The schema of the preparatory doctrinal commission
On November 23, 1962, while the conciliar assembly began to discuss the text on the Mass Media, the much-awaited schema De Ecclesia was distributed. For a great number of the bishops, it represented the raison d’être of the Council. In fact, many thought that the Council’s task should be to complete – and balance – the doctrine of the Church presented in the Vatican I constitution Pastor aeternus, which was entirely based on the prerogative and powers of the pope, in particular the doctrines of papal primacy and infallibility.

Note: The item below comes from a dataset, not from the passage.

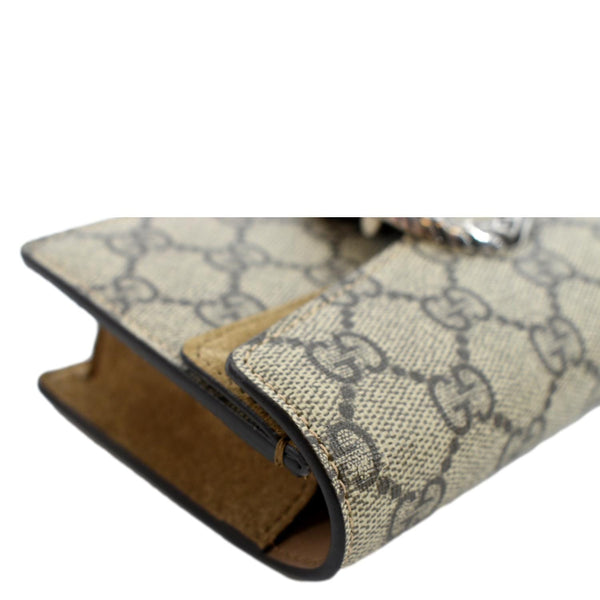 GUCCI Dionysus Super Mini GG Supreme Canvas Crossbody Bag Taupe 476432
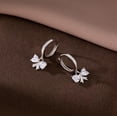thumbnail image 3 of Sterling Silver CZ Bow Hoop Earrings for Women Teens Love Bow Hoop Earrings Huggie Valentines Day Earrings, 3 of 5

That Council, convoked on December 8, 1869, decided to debate only one part of a more fully elaborated ecclesiological schema. This part was, at the time, considered both the most urgent and controversial, as it had been attacked both by the secular world and from some internal elements in the Church linked to nation-state legates. In any case, Vatican I, because of the Franco-Prussian war, was interrupted and adjourned sine die in the summer of 1870. So about a century later many fathers interpreted the convocation of a new Council as the continuation and completion of the previous one. However, this was not the intent of Pope John XXIII, who presented in his inaugural speech, Gaudet mater ecclesia, a completely different direction, envisaging a Council for pastoral aggiornamento (updating), open to the world, and above all free from the burdens of the past.
De Ecclesia was debated in the Council after the assembly discussed two important schemata: that on liturgy, which in some way suggested a new image of the Church, and one on the sources of Revelation, which had been severely criticized both for the incongruities of the schema written during the preparatory phase, and for being rather distant from the directives given to the Council by the pope. Meanwhile, the fathers’ awareness of their own role had matured: they had not been convoked merely to approve texts prepared in advance by Roman commissions, but to become active protagonists in the life of the Council, and to help the Church in its mission of aggiornamento (updating) and renewed proclamation of the Gospel to respond to the spirit of the times.
The schema on the Church had been drafted by the preparatory theological commission presided over by Cardinal Alfredo Ottaviani, with Jesuit Fr. Sebastian Tromp being the commission’s secretary. It was seen as a kind of super-commission, charged with the most important texts – the doctrinal ones – which would be brought to the Council. Many of its members believed that this commission alone had the exclusive right to debate such topics.